IB Math AI SL — Mean, median, and mode

Key Idea: Topic 4.3 focuses on measuring the centre and spread of a dataset. The mean, median, and mode each describe the 'typical' value differently. Standard deviation measures how far values spread from the mean. Understanding how these statistics change when you transform the data (e.g., add a constant, multiply) is a key skill tested in exams.

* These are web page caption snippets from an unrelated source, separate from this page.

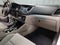 2017 Hyundai Tucson Value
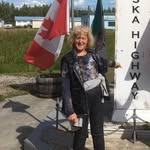 Deb Doyle - @debdoyle6 - Instagram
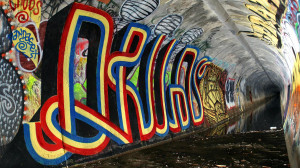 4509 graffiti wallpaper, 1920x1080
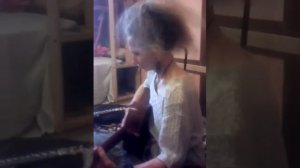 Ю.Антонов. Песенка Очковой Змеи из музыкальной сказки "Приключения кузнечика Кузи."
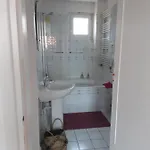 Malo Les Bains A Deux Pas De La Appartamento Dunkirk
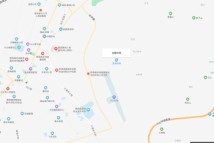赵庄圣境天缘（五期）交通图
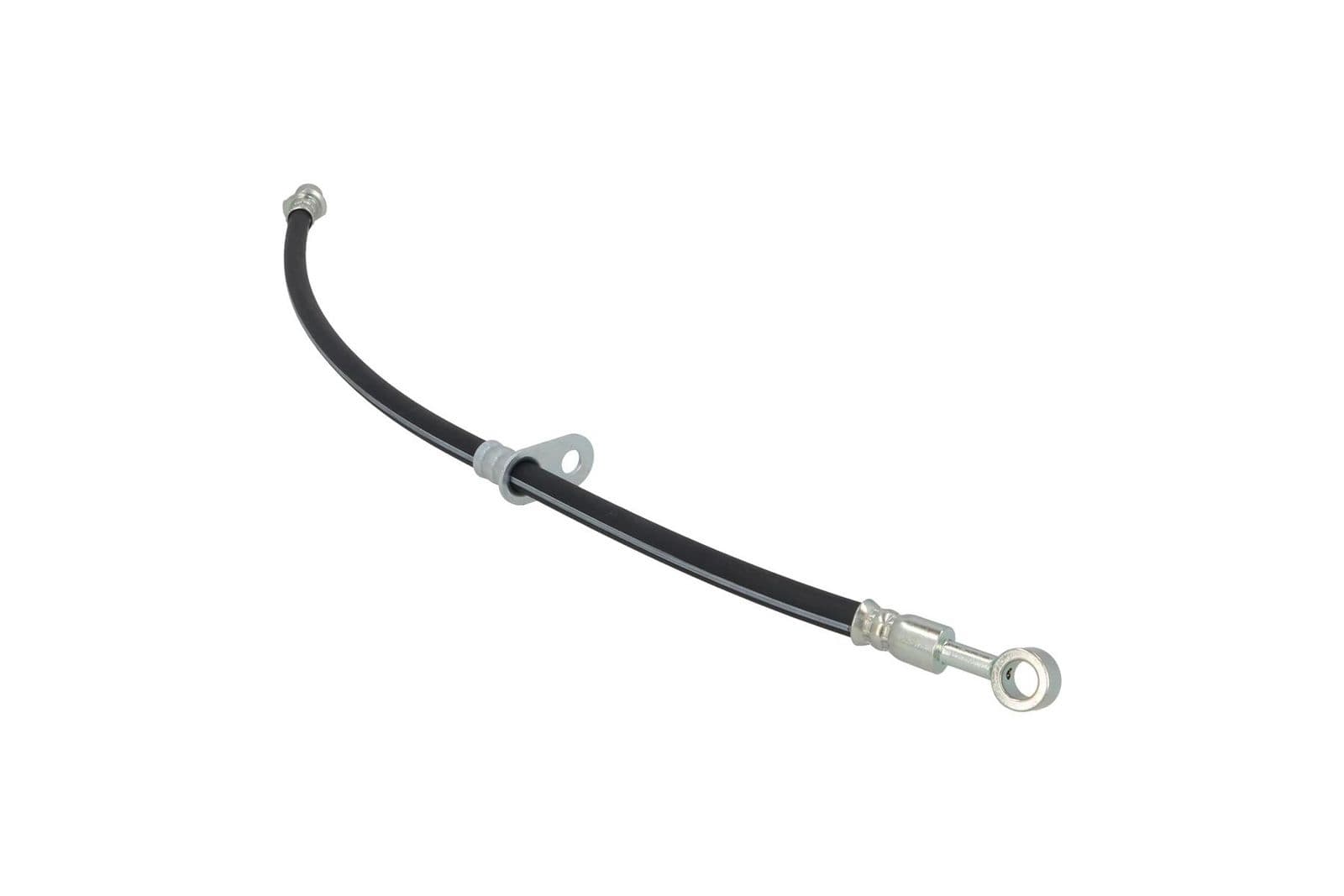 1170498 Kamoka Гальмівний шланг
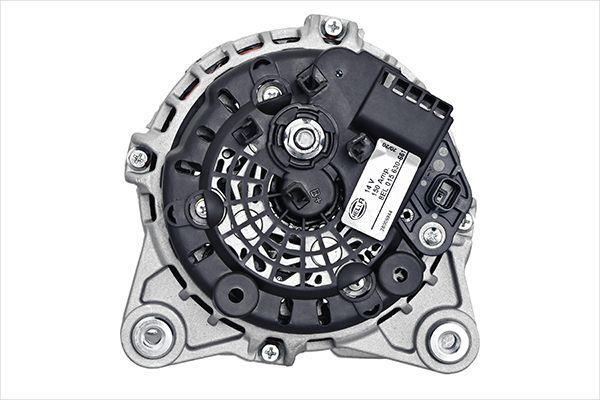 Alternador HELLA ref. 8EL 015 630-661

✅ Measures of central tendency

✅ Measures of spread

Example: Grouped data mean: Class intervals: 0–10 (f=5), 10–20 (f=8), 20–30 (f=7). Midpoints: 5, 15, 25. x̄ = (5×5 + 8×15 + 7×25) / (5+8+7) = (25 + 120 + 175) / 20 = 320/20 = 16 Transformation: If x̄ = 50 and σ = 8, and each value is scaled by 1.1 then increased by 5: New mean = 50×1.1 + 5 = 60 New σ = 8×1.1 = 8.8

Use the GDC for standard deviation on real data — the manual formula is slow and error-prone. For skewed distributions: mean is pulled toward the tail, median stays near the centre. Use median when data is skewed or has outliers.

Paper 2 (GDC allowed): Enter all values in a list. Run 1-Var Stats to get x̄, σₓ, Sₓ, Q1, Q3 all at once. Write down the values you use. Paper 1: You may be asked to calculate the mean from a frequency table by hand — show the Σ(f×x) calculation step explicitly.